[RFC PATCH 17/28] arm64: RME: Runtime faulting of memory

From: Steven Price
Date: Fri Jan 27 2023 - 06:33:03 EST


At runtime if the realm guest accesses memory which hasn't yet been
mapped then KVM needs to either populate the region or fault the guest.

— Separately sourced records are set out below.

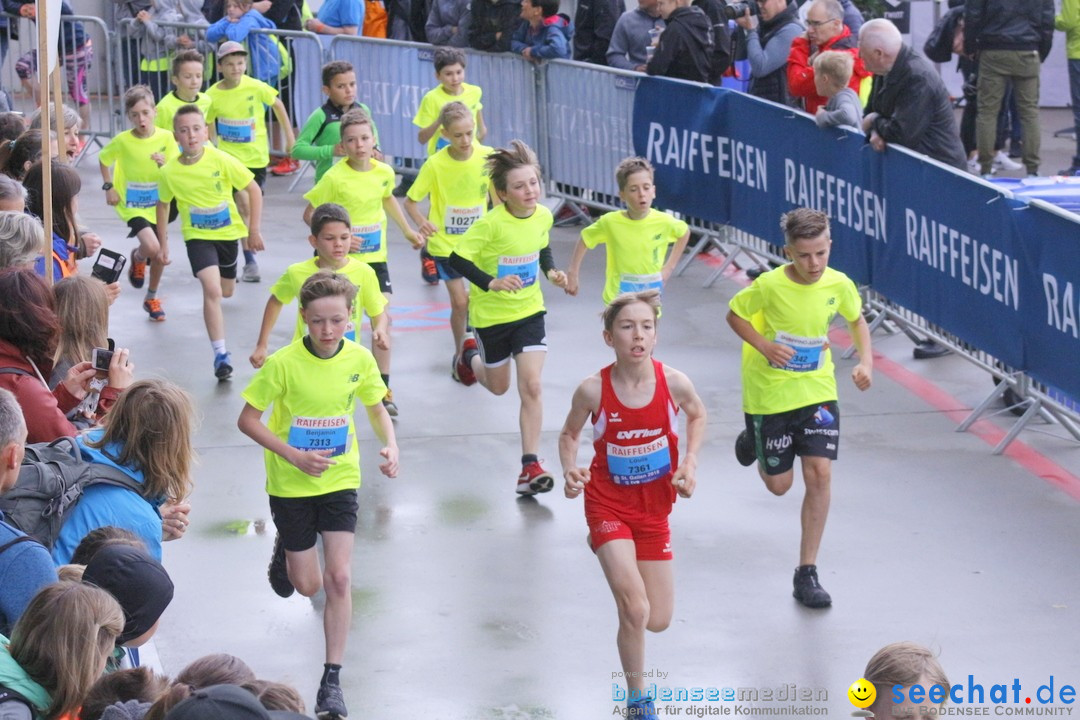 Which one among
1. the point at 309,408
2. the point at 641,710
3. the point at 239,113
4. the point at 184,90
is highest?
the point at 184,90

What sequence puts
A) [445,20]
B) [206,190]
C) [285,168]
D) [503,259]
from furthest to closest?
[285,168], [445,20], [206,190], [503,259]

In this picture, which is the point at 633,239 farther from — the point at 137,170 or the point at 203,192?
the point at 137,170

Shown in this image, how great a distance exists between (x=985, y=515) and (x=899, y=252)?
113 inches

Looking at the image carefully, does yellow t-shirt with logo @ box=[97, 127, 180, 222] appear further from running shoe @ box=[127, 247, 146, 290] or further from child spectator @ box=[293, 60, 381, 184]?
running shoe @ box=[127, 247, 146, 290]

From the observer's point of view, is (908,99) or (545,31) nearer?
(908,99)

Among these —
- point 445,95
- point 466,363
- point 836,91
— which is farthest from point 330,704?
point 445,95

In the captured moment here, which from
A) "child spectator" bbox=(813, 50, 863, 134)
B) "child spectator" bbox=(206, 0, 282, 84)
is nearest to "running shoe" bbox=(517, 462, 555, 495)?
"child spectator" bbox=(813, 50, 863, 134)

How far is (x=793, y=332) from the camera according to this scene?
743 cm

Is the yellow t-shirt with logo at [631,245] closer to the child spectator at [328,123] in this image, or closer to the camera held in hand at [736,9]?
the child spectator at [328,123]

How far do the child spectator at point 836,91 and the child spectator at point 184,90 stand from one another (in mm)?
5001

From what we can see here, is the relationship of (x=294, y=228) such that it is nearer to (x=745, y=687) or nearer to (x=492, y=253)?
(x=492, y=253)

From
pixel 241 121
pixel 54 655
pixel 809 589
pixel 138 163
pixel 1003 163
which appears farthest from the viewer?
pixel 1003 163

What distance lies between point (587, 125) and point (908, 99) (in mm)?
4736

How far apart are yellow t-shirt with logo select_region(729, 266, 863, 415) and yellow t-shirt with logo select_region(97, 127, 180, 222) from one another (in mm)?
5880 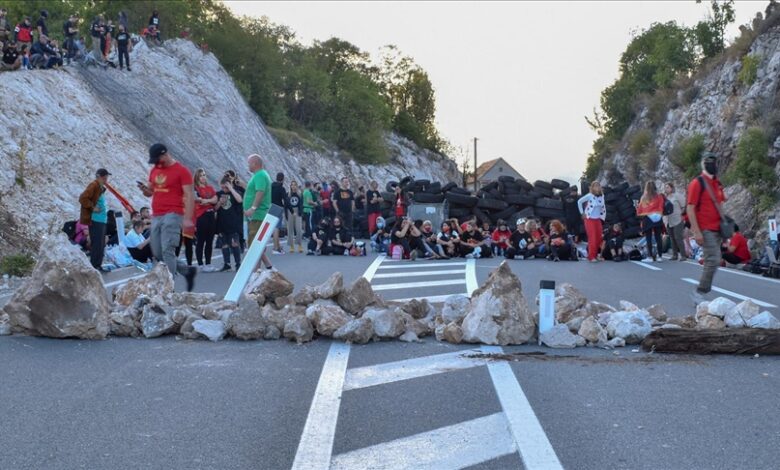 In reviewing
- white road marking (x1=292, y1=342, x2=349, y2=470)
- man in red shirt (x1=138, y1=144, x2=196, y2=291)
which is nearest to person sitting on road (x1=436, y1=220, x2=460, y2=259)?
man in red shirt (x1=138, y1=144, x2=196, y2=291)

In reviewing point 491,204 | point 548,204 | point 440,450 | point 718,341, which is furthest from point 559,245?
point 440,450

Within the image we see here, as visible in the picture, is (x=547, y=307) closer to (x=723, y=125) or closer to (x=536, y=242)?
(x=536, y=242)

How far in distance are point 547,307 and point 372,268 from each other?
10772 mm

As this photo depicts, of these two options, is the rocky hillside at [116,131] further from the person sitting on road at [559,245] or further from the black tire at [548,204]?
the black tire at [548,204]

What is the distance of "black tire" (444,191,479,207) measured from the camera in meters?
30.6

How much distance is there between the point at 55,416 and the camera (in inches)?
244

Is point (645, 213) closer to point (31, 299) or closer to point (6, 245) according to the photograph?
point (6, 245)

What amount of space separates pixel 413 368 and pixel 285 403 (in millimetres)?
1621

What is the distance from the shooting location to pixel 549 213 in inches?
1241

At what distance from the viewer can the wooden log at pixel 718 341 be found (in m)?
8.52

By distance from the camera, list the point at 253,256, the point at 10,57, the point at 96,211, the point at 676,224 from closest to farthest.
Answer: the point at 253,256
the point at 96,211
the point at 676,224
the point at 10,57

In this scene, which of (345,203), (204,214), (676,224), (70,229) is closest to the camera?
(204,214)

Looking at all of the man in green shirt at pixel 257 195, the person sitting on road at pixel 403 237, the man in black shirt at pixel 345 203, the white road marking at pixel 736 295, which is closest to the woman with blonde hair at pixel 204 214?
the man in green shirt at pixel 257 195

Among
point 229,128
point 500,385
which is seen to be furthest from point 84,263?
point 229,128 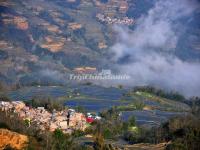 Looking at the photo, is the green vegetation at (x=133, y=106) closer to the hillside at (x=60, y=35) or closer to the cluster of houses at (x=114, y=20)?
the hillside at (x=60, y=35)

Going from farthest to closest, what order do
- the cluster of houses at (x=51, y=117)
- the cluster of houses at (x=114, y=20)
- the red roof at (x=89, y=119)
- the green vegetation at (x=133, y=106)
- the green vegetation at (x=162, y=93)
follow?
the cluster of houses at (x=114, y=20) < the green vegetation at (x=162, y=93) < the green vegetation at (x=133, y=106) < the red roof at (x=89, y=119) < the cluster of houses at (x=51, y=117)

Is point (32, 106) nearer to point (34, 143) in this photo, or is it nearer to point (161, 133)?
point (161, 133)

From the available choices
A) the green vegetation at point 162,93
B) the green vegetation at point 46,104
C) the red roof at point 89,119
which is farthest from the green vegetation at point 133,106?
the green vegetation at point 162,93

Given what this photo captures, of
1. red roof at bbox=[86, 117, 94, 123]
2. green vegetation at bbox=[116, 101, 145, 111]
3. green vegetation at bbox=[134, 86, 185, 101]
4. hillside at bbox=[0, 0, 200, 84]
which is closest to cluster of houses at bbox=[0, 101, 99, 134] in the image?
red roof at bbox=[86, 117, 94, 123]

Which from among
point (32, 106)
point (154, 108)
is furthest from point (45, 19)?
point (32, 106)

For memory in the lower (protected) region of IPA a fresh page is
provided to the RMM which will zero the contents. For memory in the
upper (shared) region of IPA, the memory from the memslot is mapped
into the realm VM non secure.

Signed-off-by: Steven Price <steven.price@xxxxxxx>
---
arch/arm64/include/asm/kvm_emulate.h | 10 +++++
arch/arm64/include/asm/kvm_rme.h | 12 ++++++
arch/arm64/kvm/mmu.c | 64 +++++++++++++++++++++++++---
arch/arm64/kvm/rme.c | 48 +++++++++++++++++++++
4 files changed, 128 insertions(+), 6 deletions(-)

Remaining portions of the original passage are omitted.